▸ **What you will do**: Only the images get left out; everything else in the records is to be transcribed exactly.

(Provided material)

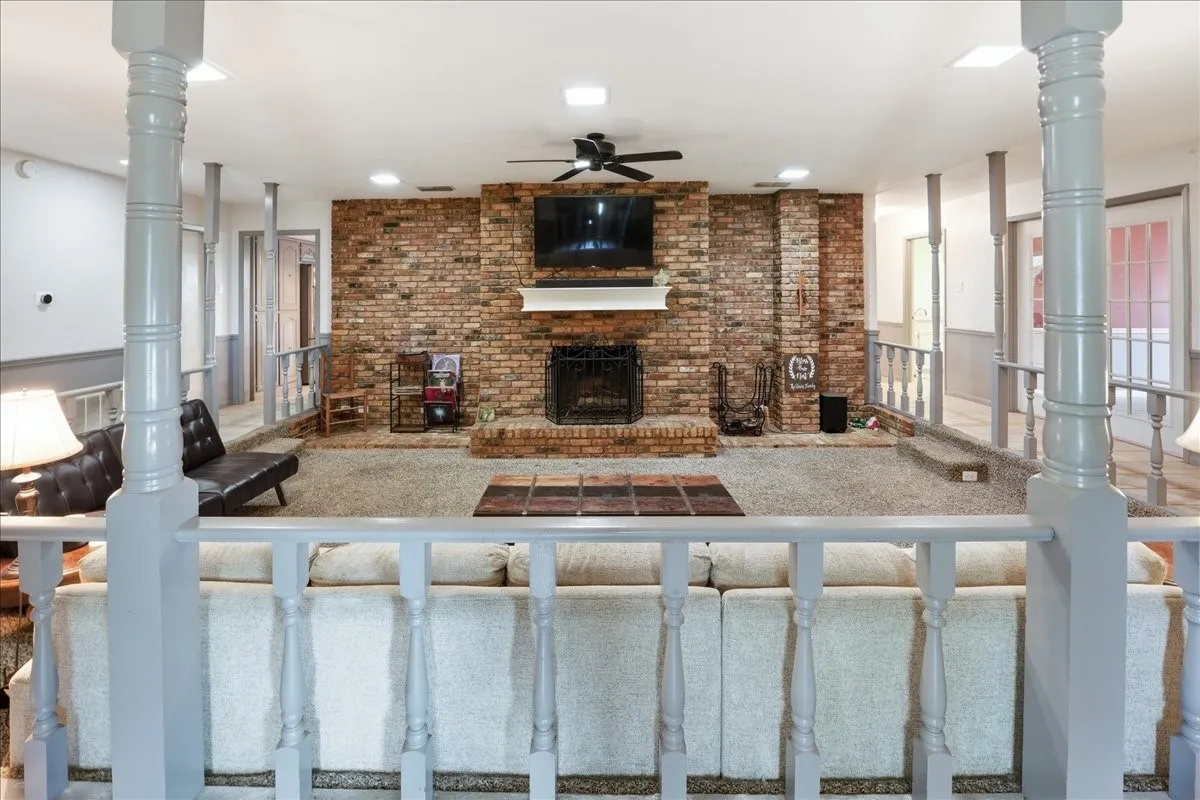 Single Family Residence For Sale in Van Zandt County , 130 Mulberry Street, Van, Texas 75790, 3 Bedroom, 3 Bathroom, 3 Garage spaces, 3,209 Sqft, built in 1979, Price $410,000, mls#21321329, Real Estate Agent in Van, Homes For Sale in Van Zandt county, Homes For Sale in Van, Realtor in Van Texas, Real Estate Brokerage Independent Realty Texas, Luminita Cordes Realtor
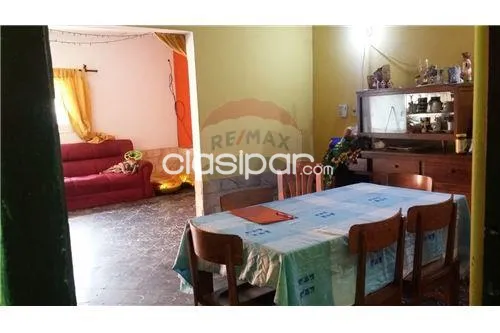 Vendo Casa 12x32 a 1 cuadra de Av 1er Presidente Barrio Mbocayaty — foto 3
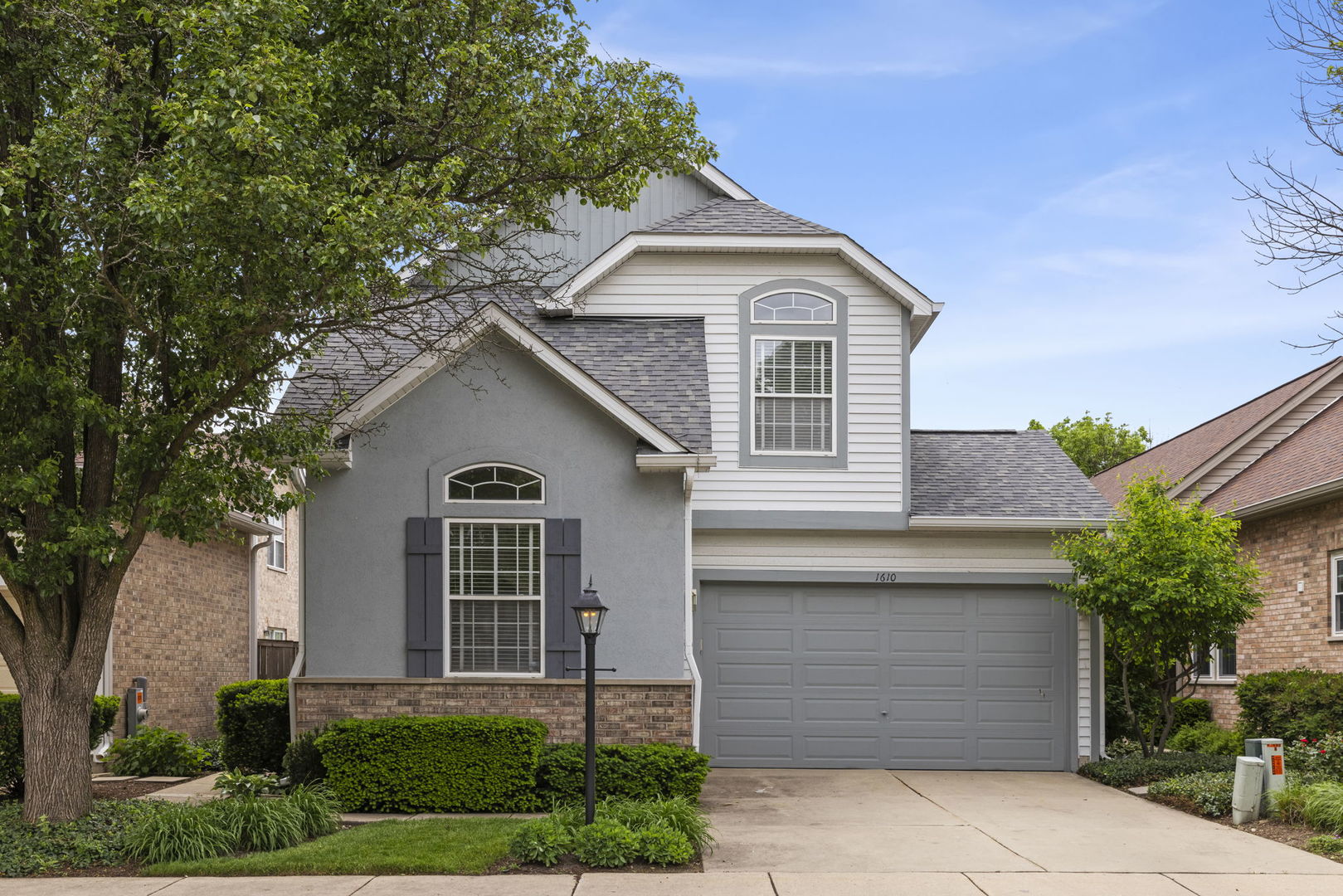 1610 Astor Avenue, Oakbrook Terrace, IL 60181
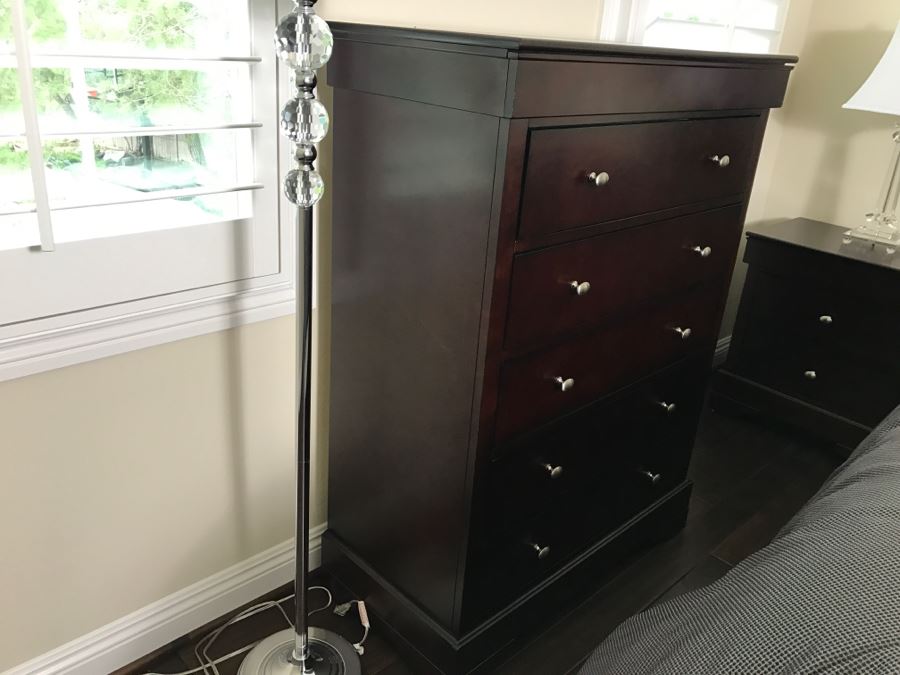 Contemporary 5-Drawer Chest Of Drawers Dresser - Never Used Guest Room [Photo 9]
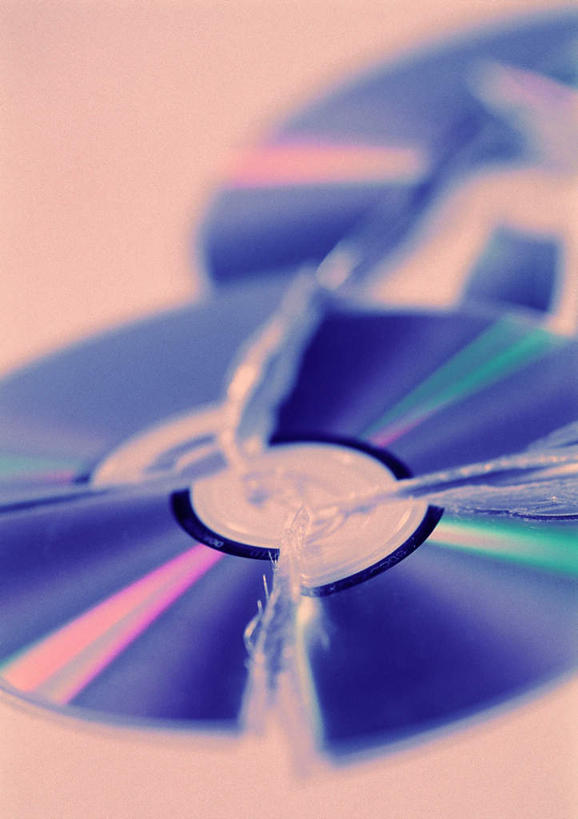 无人,竖图,俯视,室内,特写,白天,数据,桌面,阴影,朦胧,模糊,破碎,反射,信息,光盘,影子,圆圈,光碟,存储介质,破损,两个,耀眼,碟片,明亮,存储,彩图,高角度拍摄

(End Provided material)

▸ **Exercise answer**:
 Single Family Residence For Sale in Van Zandt County , 130 Mulberry Street, Van, Texas 75790, 3 Bedroom, 3 Bathroom, 3 Garage spaces, 3,209 Sqft, built in 1979, Price $410,000, mls#21321329, Real Estate Agent in Van, Homes For Sale in Van Zandt county, Homes For Sale in Van, Realtor in Van Texas, Real Estate Brokerage Independent Realty Texas, Luminita Cordes Realtor
 Vendo Casa 12x32 a 1 cuadra de Av 1er Presidente Barrio Mbocayaty — foto 3
 1610 Astor Avenue, Oakbrook Terrace, IL 60181
 Contemporary 5-Drawer Chest Of Drawers Dresser - Never Used Guest Room [Photo 9]
 无人,竖图,俯视,室内,特写,白天,数据,桌面,阴影,朦胧,模糊,破碎,反射,信息,光盘,影子,圆圈,光碟,存储介质,破损,两个,耀眼,碟片,明亮,存储,彩图,高角度拍摄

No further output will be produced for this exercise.